More recently, Englund has taken turns both in front of and behind the camera with roles and directing gigs on films such as 2001 Maniacs, Jack Brooks: Monster Slayer and Zombie Strippers, which also features the acting talents of former adult film actress Jenna Jameson. ComicMix‘s Matt Raub and I caught up with Englund during San Diego Comic-Con and talked with him about, among other things, how hard it was to get to the convention, his latest projects, his involvement in the new V television series. and what he thinks about the future of horror films.
COMICMIX: So have you had a chance to check out the Con?
ROBERT ENGLUND: Not yet. We got messed up with the traffic. So many accidents, closures, people throwing themselves in front of trains, it took us forever to get here.
I think Comic-Con is jinxed. [Laughs]
CMix: So what brings you to the Con this year?
RE: I’m here with the company Anchor Bay which really responds to the kind of horror-comedy kind of stuff that people like Sam Raimi with the Evil Dead films used to do. I don’t know if it’s a response to the number of big-budget horror failures of late or that there’s so much homemade stuff on YouTube now, but fans really seem able to watch something like a Hellboy 2 or a Dark Knight, which I love, but they also have room for movies like the ones I’ve been involved with lately such as Zombie Strippers, Jack Brooks: Monster Slayer or Hatchet.
It seems they can tune into a big $200 million blockbuster film one day and then also enjoy a little $2 million film we made mostly for fun.

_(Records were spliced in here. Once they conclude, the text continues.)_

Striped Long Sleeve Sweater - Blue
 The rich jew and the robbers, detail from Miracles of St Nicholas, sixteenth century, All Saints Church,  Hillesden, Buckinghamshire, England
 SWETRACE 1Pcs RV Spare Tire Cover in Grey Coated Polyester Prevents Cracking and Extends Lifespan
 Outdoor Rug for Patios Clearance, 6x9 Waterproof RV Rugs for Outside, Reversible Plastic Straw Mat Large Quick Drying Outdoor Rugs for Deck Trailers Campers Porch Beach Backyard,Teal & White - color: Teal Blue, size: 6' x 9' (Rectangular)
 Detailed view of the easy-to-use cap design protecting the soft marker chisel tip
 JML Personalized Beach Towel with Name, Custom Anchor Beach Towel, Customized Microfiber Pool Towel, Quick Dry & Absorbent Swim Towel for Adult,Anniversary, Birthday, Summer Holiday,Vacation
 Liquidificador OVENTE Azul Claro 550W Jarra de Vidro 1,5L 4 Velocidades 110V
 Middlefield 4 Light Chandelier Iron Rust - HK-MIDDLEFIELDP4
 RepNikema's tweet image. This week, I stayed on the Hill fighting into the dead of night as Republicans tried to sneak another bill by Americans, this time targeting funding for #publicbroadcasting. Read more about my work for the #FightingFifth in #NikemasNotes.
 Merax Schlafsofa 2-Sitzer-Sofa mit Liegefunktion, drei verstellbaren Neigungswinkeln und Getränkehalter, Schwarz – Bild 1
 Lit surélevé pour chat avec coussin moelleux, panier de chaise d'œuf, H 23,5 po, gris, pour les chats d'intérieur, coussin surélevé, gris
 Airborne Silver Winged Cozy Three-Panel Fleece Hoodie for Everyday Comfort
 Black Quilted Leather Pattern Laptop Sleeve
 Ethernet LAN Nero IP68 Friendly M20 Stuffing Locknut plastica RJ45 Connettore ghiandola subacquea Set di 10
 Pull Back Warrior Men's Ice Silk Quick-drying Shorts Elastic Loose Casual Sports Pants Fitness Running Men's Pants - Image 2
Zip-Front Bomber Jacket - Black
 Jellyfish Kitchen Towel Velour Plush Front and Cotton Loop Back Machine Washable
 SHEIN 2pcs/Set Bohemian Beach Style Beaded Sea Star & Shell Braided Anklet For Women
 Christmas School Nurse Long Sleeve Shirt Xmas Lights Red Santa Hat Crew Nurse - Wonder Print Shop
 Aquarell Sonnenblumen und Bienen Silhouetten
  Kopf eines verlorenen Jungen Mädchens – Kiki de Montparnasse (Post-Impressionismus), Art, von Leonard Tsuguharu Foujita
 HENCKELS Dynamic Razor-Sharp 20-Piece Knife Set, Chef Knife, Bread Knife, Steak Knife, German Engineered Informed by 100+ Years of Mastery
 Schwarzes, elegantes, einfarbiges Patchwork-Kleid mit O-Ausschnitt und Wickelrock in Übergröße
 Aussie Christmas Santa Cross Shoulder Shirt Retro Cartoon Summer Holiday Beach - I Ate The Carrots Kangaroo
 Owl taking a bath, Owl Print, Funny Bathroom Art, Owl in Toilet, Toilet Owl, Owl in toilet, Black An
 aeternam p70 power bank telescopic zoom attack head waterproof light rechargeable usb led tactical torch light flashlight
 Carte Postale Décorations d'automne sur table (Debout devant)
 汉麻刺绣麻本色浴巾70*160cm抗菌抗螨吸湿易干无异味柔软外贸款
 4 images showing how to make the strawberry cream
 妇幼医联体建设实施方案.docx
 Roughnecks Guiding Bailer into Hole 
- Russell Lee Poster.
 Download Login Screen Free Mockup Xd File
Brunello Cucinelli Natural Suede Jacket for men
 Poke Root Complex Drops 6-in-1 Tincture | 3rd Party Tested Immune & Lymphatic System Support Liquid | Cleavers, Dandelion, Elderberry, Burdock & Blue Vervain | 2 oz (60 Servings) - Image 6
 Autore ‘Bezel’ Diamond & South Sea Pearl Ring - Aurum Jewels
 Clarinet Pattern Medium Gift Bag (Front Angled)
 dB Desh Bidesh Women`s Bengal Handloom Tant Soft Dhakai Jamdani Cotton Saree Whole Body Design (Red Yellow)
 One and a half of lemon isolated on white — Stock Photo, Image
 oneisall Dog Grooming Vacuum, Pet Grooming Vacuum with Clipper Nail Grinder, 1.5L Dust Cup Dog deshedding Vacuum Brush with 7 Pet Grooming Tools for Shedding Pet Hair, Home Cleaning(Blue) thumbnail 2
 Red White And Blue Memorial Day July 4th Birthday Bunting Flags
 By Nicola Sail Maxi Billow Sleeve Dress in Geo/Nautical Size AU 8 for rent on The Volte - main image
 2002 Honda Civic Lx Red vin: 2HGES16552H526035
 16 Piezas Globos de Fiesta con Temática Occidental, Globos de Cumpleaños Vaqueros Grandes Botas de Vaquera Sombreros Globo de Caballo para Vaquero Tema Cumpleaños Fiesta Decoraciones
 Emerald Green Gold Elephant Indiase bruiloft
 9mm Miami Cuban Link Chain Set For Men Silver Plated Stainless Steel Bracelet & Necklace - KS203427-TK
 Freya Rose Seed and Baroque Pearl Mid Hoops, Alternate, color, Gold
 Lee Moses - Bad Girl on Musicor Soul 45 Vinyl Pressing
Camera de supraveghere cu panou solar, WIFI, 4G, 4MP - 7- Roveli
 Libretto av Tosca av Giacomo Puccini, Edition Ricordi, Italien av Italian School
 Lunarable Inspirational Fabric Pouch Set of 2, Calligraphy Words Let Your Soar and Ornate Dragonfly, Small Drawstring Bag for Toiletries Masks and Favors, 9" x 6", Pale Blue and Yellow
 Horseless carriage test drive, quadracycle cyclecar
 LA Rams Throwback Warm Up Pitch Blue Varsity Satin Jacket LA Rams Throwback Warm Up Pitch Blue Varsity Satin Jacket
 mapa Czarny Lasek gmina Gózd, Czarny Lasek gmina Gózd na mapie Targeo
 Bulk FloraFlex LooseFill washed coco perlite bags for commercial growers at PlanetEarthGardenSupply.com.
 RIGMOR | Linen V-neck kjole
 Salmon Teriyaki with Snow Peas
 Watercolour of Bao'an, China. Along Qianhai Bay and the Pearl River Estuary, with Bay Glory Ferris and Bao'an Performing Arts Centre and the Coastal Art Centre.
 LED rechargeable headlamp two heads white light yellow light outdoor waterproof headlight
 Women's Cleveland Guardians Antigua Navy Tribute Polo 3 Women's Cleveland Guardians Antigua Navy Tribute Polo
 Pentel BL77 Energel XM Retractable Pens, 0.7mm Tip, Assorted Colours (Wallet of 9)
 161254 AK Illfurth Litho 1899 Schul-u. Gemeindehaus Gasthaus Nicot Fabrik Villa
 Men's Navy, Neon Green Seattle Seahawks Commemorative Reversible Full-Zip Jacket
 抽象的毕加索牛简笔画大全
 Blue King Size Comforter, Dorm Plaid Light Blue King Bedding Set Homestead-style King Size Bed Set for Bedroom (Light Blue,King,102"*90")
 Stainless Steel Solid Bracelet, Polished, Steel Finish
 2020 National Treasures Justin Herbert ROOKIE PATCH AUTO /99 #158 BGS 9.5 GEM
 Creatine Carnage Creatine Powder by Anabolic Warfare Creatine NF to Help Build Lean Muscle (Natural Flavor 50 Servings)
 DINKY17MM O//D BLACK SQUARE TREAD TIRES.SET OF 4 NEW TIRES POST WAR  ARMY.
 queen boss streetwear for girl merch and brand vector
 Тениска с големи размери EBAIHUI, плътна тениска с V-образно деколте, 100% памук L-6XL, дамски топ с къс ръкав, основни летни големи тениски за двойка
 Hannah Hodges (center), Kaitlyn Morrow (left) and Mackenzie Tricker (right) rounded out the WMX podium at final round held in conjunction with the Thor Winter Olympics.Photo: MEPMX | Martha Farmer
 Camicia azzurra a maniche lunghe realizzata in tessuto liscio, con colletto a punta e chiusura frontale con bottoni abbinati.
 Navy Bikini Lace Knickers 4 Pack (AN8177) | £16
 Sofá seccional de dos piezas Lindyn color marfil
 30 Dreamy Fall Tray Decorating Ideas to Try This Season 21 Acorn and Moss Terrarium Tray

They’re what I like to call "cheap thrills." I think there always has to be room for cheap thrills. I don’t know if its political or if there’s too much CGI or something but maybe that’s what movies like Saw or Hostel are tapping into — people’s need for something more simple and fun.
CMix: It’s like a "horror rebellion."
RE: Yeah, its like a horror rebellion. Its like people are not old enough now to remember how much fun movies like Evil Dead or Army of Darkness were. The kids coming up now haven’t necessarrily gotten to experience those kinds of films. But maybe I can help be a bridge to something like them in the future.
CMix: Does that mean there’s room for a return to something like Nightmare on Elm Street and the Freddy franchise?
RE: Oh yeah, sure. But I don’t really have any worries about horror films going away. Just look at the top movies — there’s usually some horror in there. I remember that there were a lot of people trying to imitate the style of something like Blair Witch but I don’t think that kind of thing has been exhausted. I think people will still play around with camcorders and stuff.
In fact, I’m going to watch a new film called Home Movie starring Adrian Pasdar from Heroes. Its all shot with a handycam and features a father taping his children over and over during the holidays and as he does this you start to realize that there’s something wrong with the children. I also watched another one called Look which is short entirely with security cameras. No close-ups or anything unless someone walks towards the camera.
I loved it and tried hard to bust it but I never could. There’s even a scene in an ambulance that I thought couldn’t have worked, but then someone told me they do have security cameras in ambulances now. So those are the kinds of things I would like to see more of and think we should still explore.
We keep doing all the things that can kill us: scissors, baby sitters, cars, telephones, technology but I think we need to get back to humanity and get away from the idea of just a serial killer. Or something like The Brothers Grimm if you did it right. Those were really dark tales that would be great. A new reimagining of The Brothers Grimm is what we need.
CMix: Turing away from horror a bit. Are you involved with the new V TV series that NBC is developing?
RE: I got the book from Kenneth Johnson and I know NBC was thinking about doing a V: Twenty Years Later show with the original cast and showing what we’ve been up to while living in a post-alien world. But now I think the decision was to go with a younger, sexier cast and then if that goes well maybe bring us back after that. Or maybe we’ll end up doing cameos. I don’t really know yet.